TASK OBJECTIVE:
Print only the lines from the one with "CoolVision YouTube channel thumbnail" through the end of the data, exactly, and please omit pictures.

SUPPLIED MATERIAL:
:::
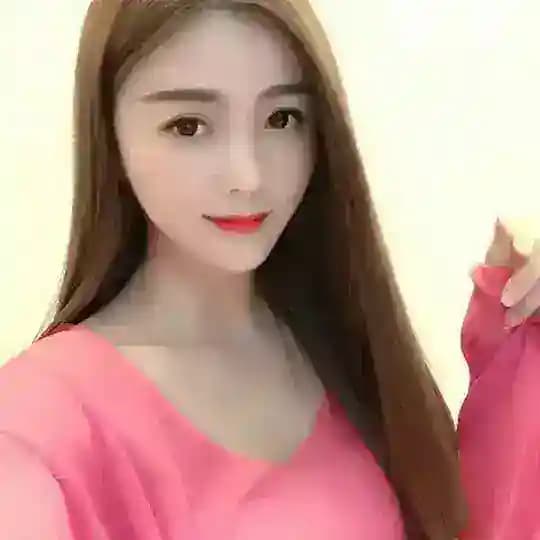 成都修车/成都资源/成都楼凤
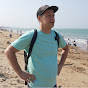 CoolVision YouTube channel thumbnail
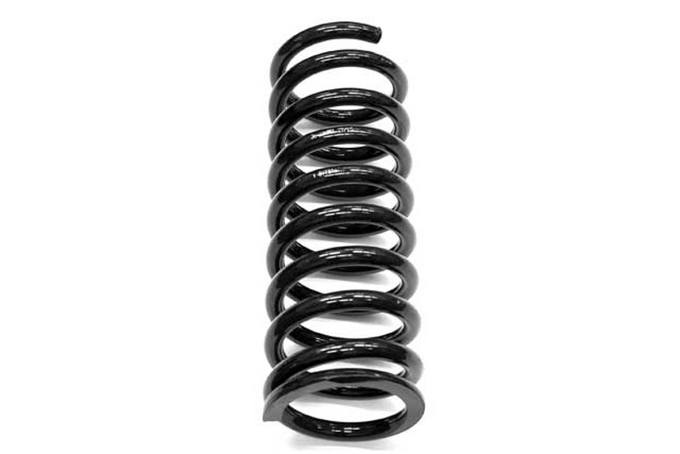 Mercedes Coil Spring 1163241104 – Bilstein Touring 36226061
:::
TASK RESPONSE:
 CoolVision YouTube channel thumbnail
 Mercedes Coil Spring 1163241104 – Bilstein Touring 36226061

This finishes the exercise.